Considerately maintaining Dorset’s highways – The Dorset Highways Term Service Contract (HTSC)

Dorset County Council’s highways service are responsible for the maintenance of the county’s network of roads, cycle ways, bridleways and bridges, in partnership with Hanson as HTSC. This 12 year partnership has fully embraced the Considerate Constructors Scheme (CCS) in its highway maintenance operations.

Dick Smeeth, HTSC’s Project Liaison Manager has commented on the Scheme:

‘The Scheme is simple, straightforward and helpful in all aspects. Dorset County Council is totally committed to providing and maintaining an excellent service to customers and the travelling public at all times.’

While emergencies such as fallen trees, flooding and RTA’s (Road Traffic Accidents) are dealt with as efficiently and effectively as possible, seasonal demands make the highway work varied and unpredictable.
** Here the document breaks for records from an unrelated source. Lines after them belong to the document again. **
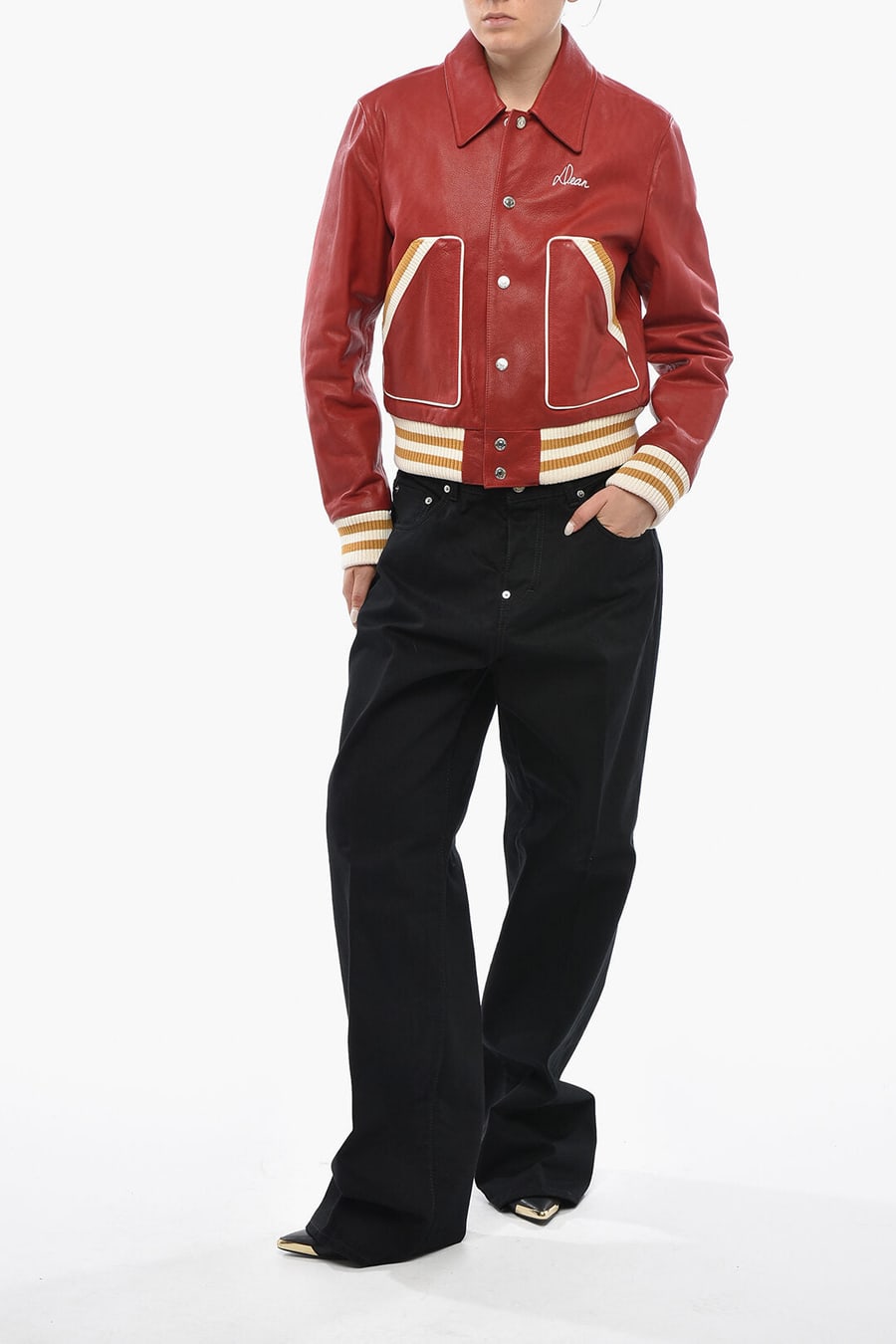 Dsquared2 0550~Hammered Leather Varsity Jacket with Snap Buttons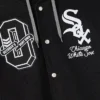 Close-up of OVO x MLB Chicago White Sox Black Insulated Cotton Twill Bomber Jacket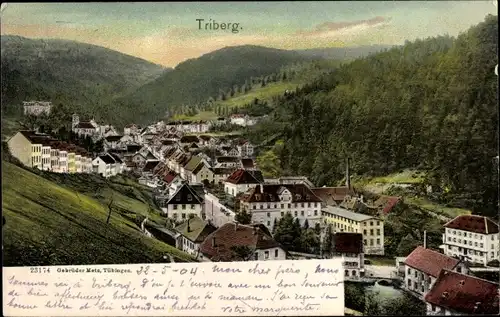 Ak Triberg im Schwarzwald, Gesamtansicht, Vogelschau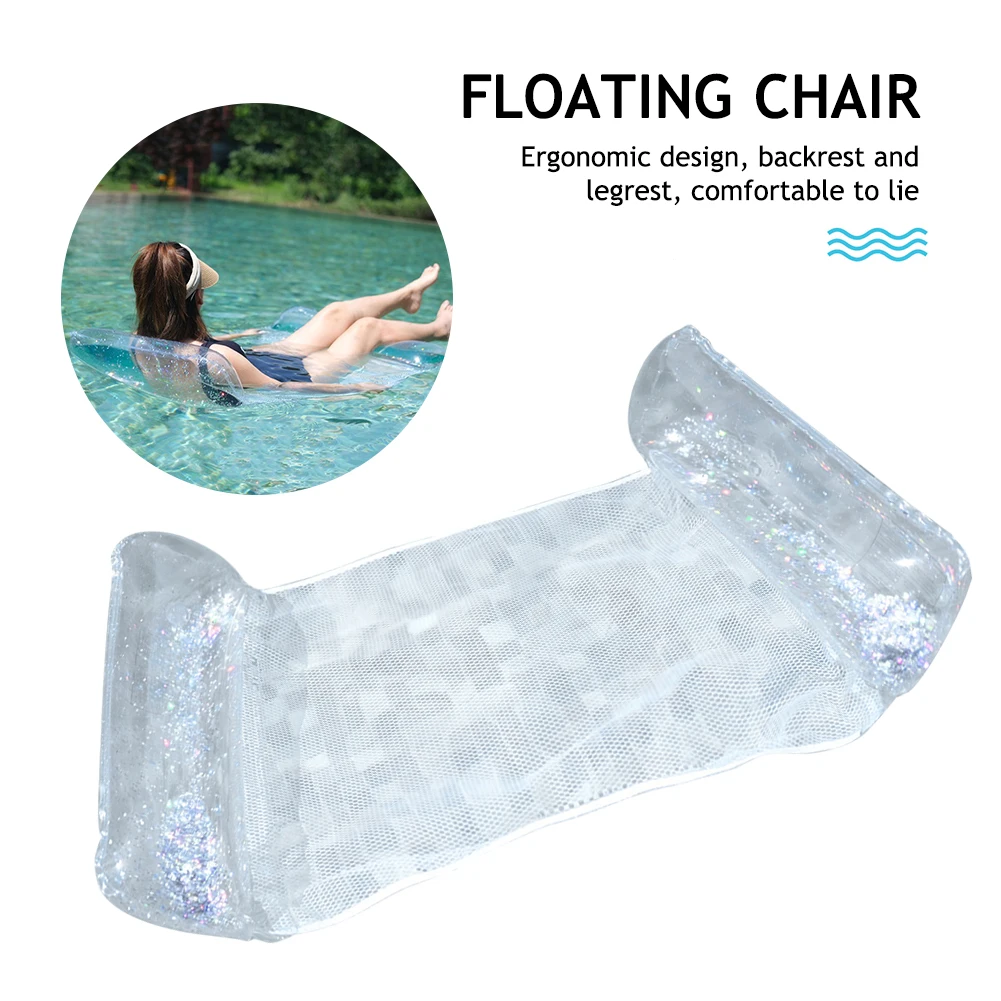 Portable Floating Bed Chair Foldable Inflatable Floating Swimming Mattress with Sequins Adult Swimming Pool Party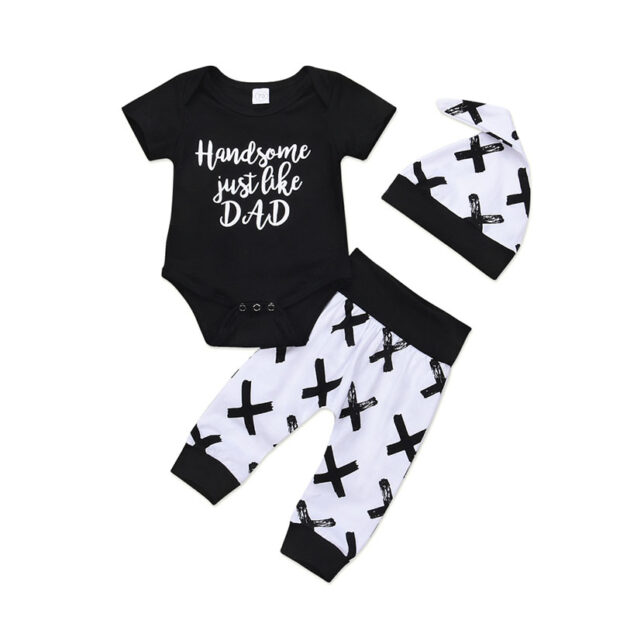 Funny Print Handsome Just Like Dad Pajamas Short Sleeve with Onesie, Pants, Beanie Hat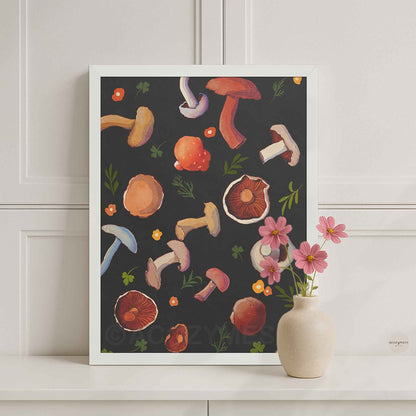 Mushroom Poster | Nature Print for Kitchen, Dining Room & Cottagecore Decor - A Cozy Mess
There are many unique challenges involved in maintaining Dorset’s highways and byways, with road workers working day and night, in high risk areas, with the public travelling through live sites.
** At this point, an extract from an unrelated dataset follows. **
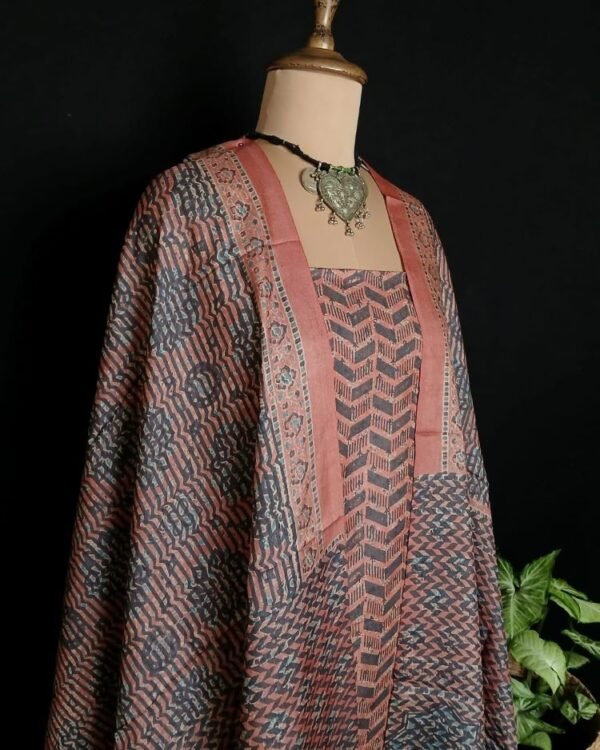 Two-piece salwar sets in pure Tussar Silk with natural dyes Ajrakh – (TPSS0014) - Image 5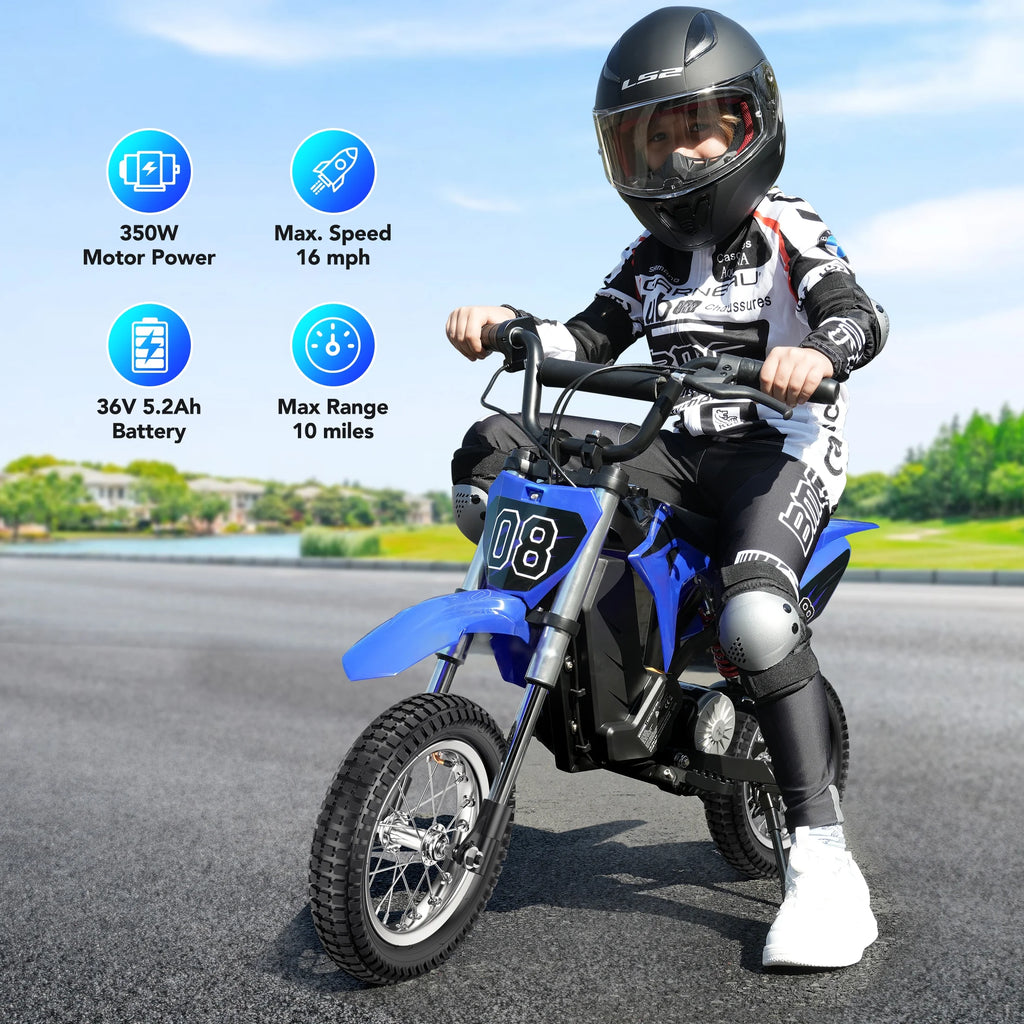 36V Kids Electric Dirt Bike.Fast Speed Electric Motorcycle Up to 16 MPH & 10 Miles Long-Range. 3-Speed Modes. Twist Grip Throttle. Dual Suspension & Brakes for Kids Ages 5-10 Ride on Toys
Mr Smeeth further commented on how the Scheme had been integrated into highway maintenance operations:

‘CCS principles have been embraced and are part of the partnership’s way of doing things. They are still being applied with enthusiasm and diligence to produce remarkable results. The culture ensures that the depot and the sites are always clean, neat and tidy and the workforce well-presented and well behaved.’
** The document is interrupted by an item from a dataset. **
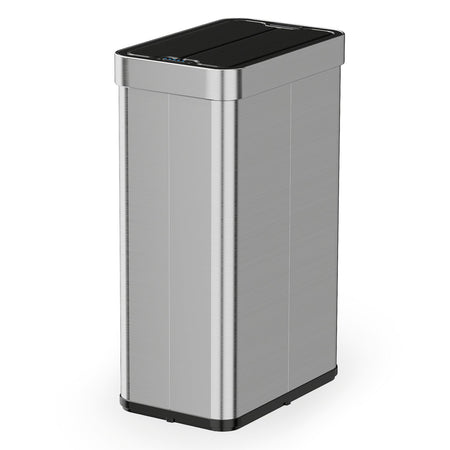 16 Gallon Trash Can with Wing Lids for Bedroom Bathroom Kitchen-Silver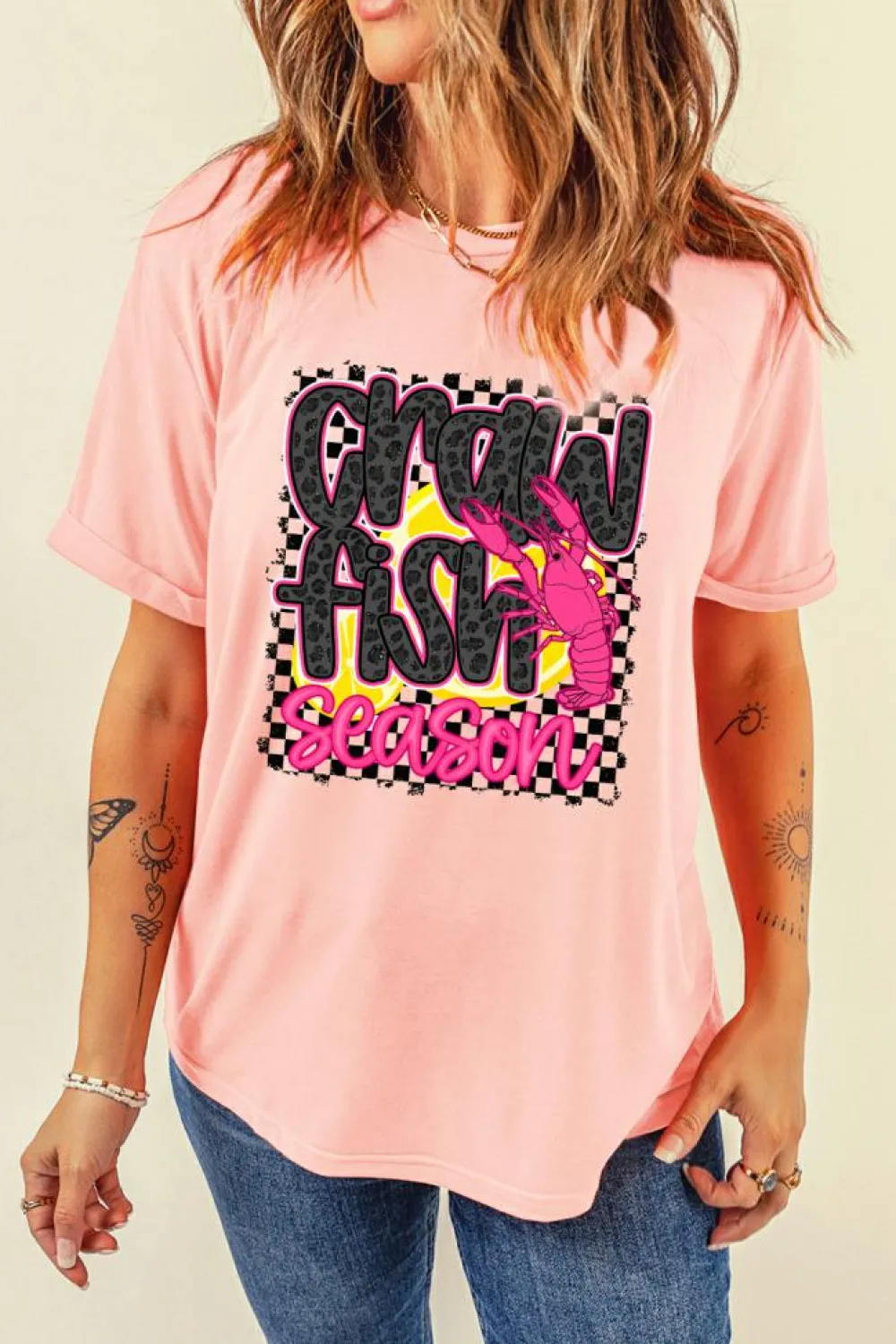 Fashion Dear-Lover Crawfish Season Graphic Casual Tee Pink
Here are some examples of best practice initiatives carried out by the Dorset Highways Term Service Contract:

  • Comprehensive inductions, monthly meetings, tool box talks and writing requirements into contracts ensures each subcontractor and operative knows what is expected in the way of cleanliness and tidiness.
  • A comprehensive annual works programme was maintained and regularly reviewed to ensure stakeholders and local communities’ needs were met.
  • It had been identified that members of the public most often complained about the lack of notification of works, to offset these complaints, the site utilised statutory notifications: local newspapers, letter drops and website updates to notify the public before commencing all short-run remedial or improvement works.
  • The HTSC team made a conscious effort to engage with the local community by hosting school visits and sponsoring Weymouth Carnival safety barriers.
  • They also supported the Pilsdon Community, a small charity farming community which offers refuge for homeless people in crisis.
  • To harmonise works, Dorset highways worked closely with other stakeholders and public utilities operators, making contact with the Environment Agency, Natural England and the National Trust, to minimise disruptions, inconvenience and ensure compliance of works.
  • Due to the nature of highway work being varied and unpredictable, the dangers posed were continually and effectively publicised to increase awareness and minimise the number of injuries and fatalities within the sector.
  • Following some potentially dangerous incidents where operatives may have been threatened by the public, a VideoBadge recording system was implemented to support parking attendants. The ID badges had an attached video camera which was worn on the body and could record eight hours of continuous audio and video, for use as evidence in case of any altercations with the public.
  • All staff attended regular training days and monthly team briefings, where operational updates were provided by senior management.